Created on 12-12-2016 10:11 AM - edited 09-16-2022 03:50 AM
Hi clouder people,
I am really surprised reading this documentation around parquet files & timestamp type & hive VS impala: https://www.cloudera.com/documentation/enterprise/5-6-x/topics/impala_timestamp.html. Above all for this two things:
I would like to ask your opinion considering the previous link about what is the best way to write a timestamp value (in a parquet file) throught HIVE or / and SPARK to be queried with HIVE and IMPALA and SPARK?
Regards,
Created 12-22-2016 05:32 AM
It would depend on your requirements some, but impala/hive and parquet don't store the time zone with the timestamp so you may be losing data if you don't have a seperate timezone column (ie what timezone the event took place), so I'll typically leave the timestamp as is in parquet, include the timezone, and allow convertions to be made at query time. If the users of the table need all timestamps to be in the same timezone, you could make the change before saving to parquet. You could also consider doing both, storing as is and also storing a converted timestamp manually.

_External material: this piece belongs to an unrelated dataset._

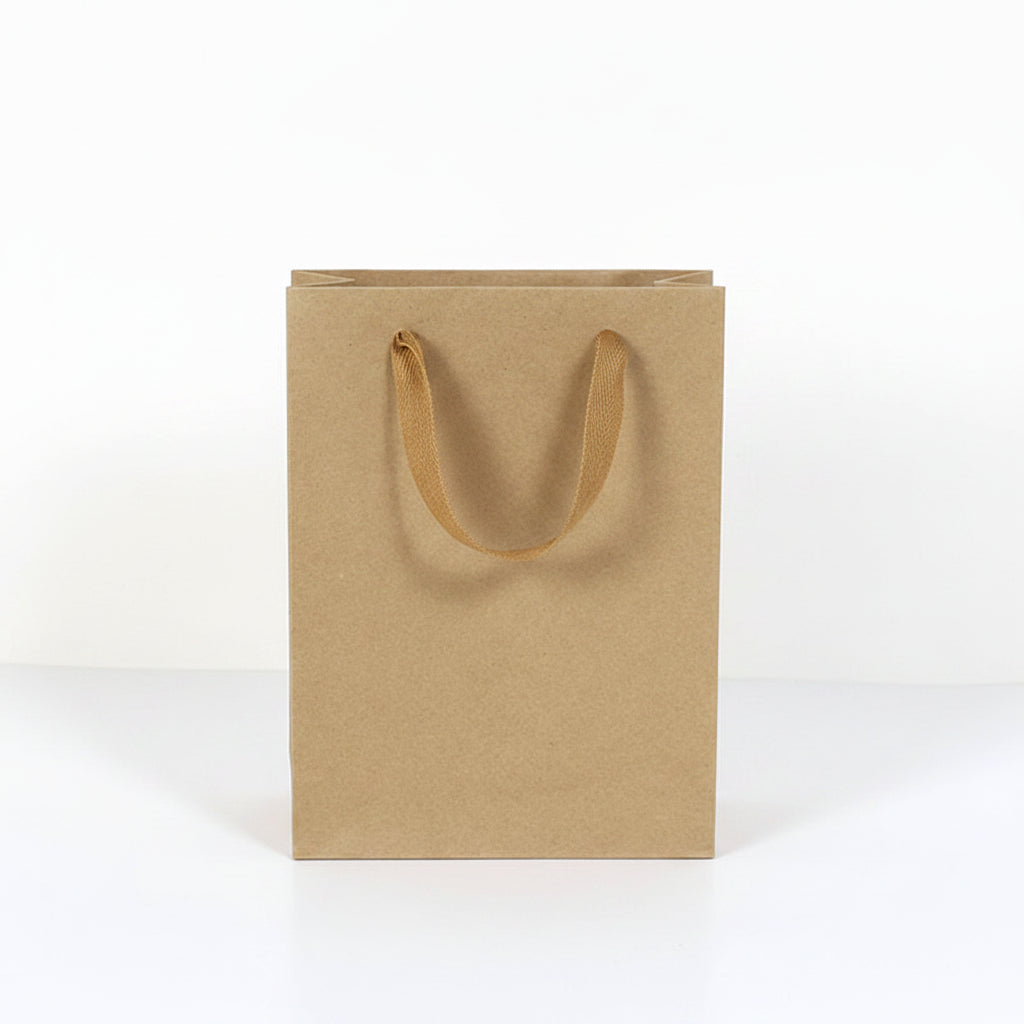 Brown paper bag with handles next to a water bottle, showing dimensions.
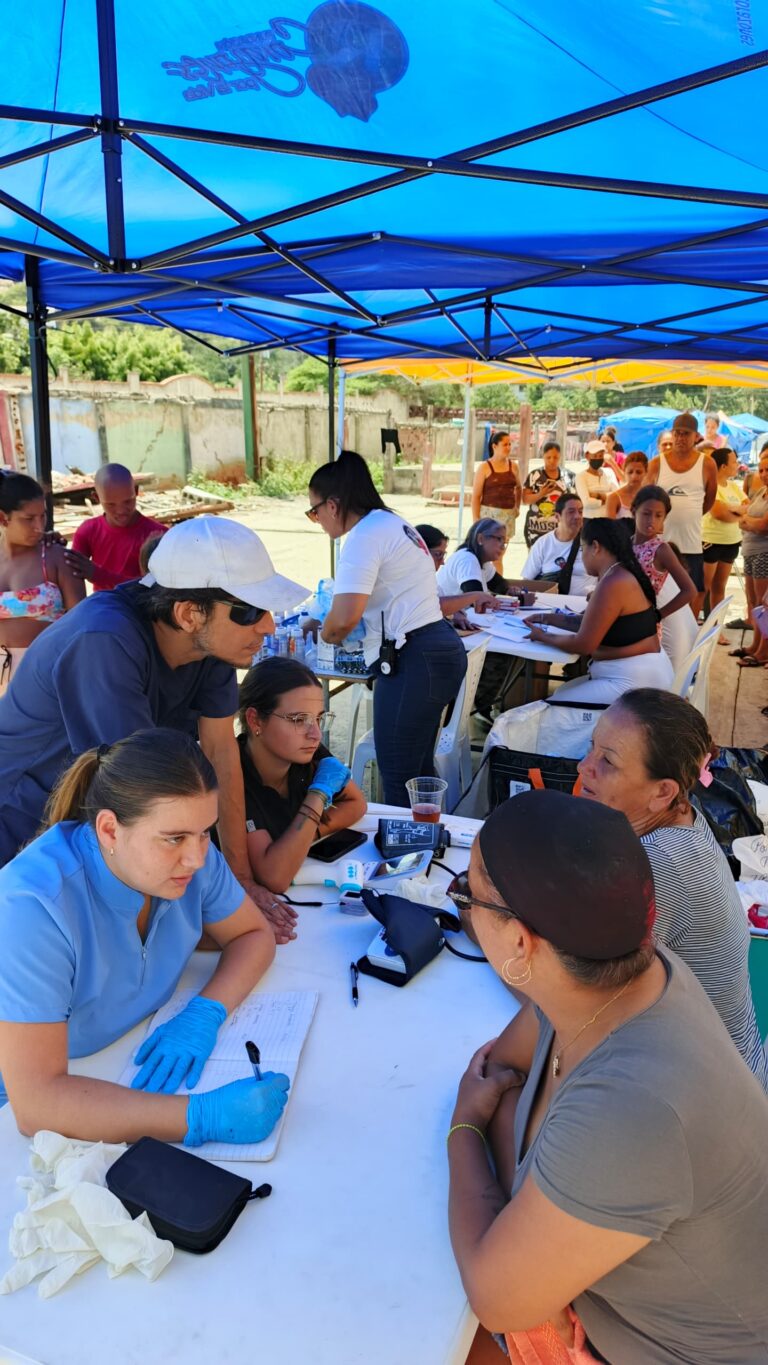 A medical professional speaks with community members under the outreach tents.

Created 12-21-2016 07:03 AM
It depends on if you would prefer your timestamps to be converted to UTC (knowing the HiveServer would need to reside in the time zone the data was generated) or left alone. I personally prefer not modifying data automatically and control any time zone corrections within my ETL process. I also prefer to include a time zone column to be able to specify what time zone the data originated to be able to do any corrections later.
Just a note, Hive also has a feature to disable time zone conversion now as well, hive.parquet.timestamp.skip.conversion, that was added in 1.2 as part of https://issues.apache.org/jira/browse/HIVE-9482.
Finally, I'll note that both Hive and Impala try to be smart about when to apply the conversion when reading because multiple engines handle it differently so Hive will detect if it was written by a hive process or Impala and Impala will do the same. It makes sense to play around with the settings some inserting and reading from different settings to ensure you fully understand how it works.
Created 12-21-2016 07:51 AM
Thanks!
Only a question is coming my mind with your response;
you store the dates in string type with a new column added (time zone) and then you perform the transformations when you does the query or you store dates & timestamps in parquet timestamp type
--------
It depends on if you would prefer your timestamps to be converted to UTC (knowing the HiveServer would need to reside in the time zone the data was generated) or left alone. I personally prefer not modifying data automatically and control any time zone corrections within my ETL process. I also prefer to include a time zone column to be able to specify what time zone the data originated to be able to do any corrections later.
Created 12-22-2016 05:32 AM
It would depend on your requirements some, but impala/hive and parquet don't store the time zone with the timestamp so you may be losing data if you don't have a seperate timezone column (ie what timezone the event took place), so I'll typically leave the timestamp as is in parquet, include the timezone, and allow convertions to be made at query time. If the users of the table need all timestamps to be in the same timezone, you could make the change before saving to parquet. You could also consider doing both, storing as is and also storing a converted timestamp manually.
Created 07-14-2017 09:30 AM
we just learned a lesson that convert_legacy_hive_parquet_utc_timestamps=true may cause huge performance issues, read comments here
https://issues.apache.org/jira/browse/IMPALA-3316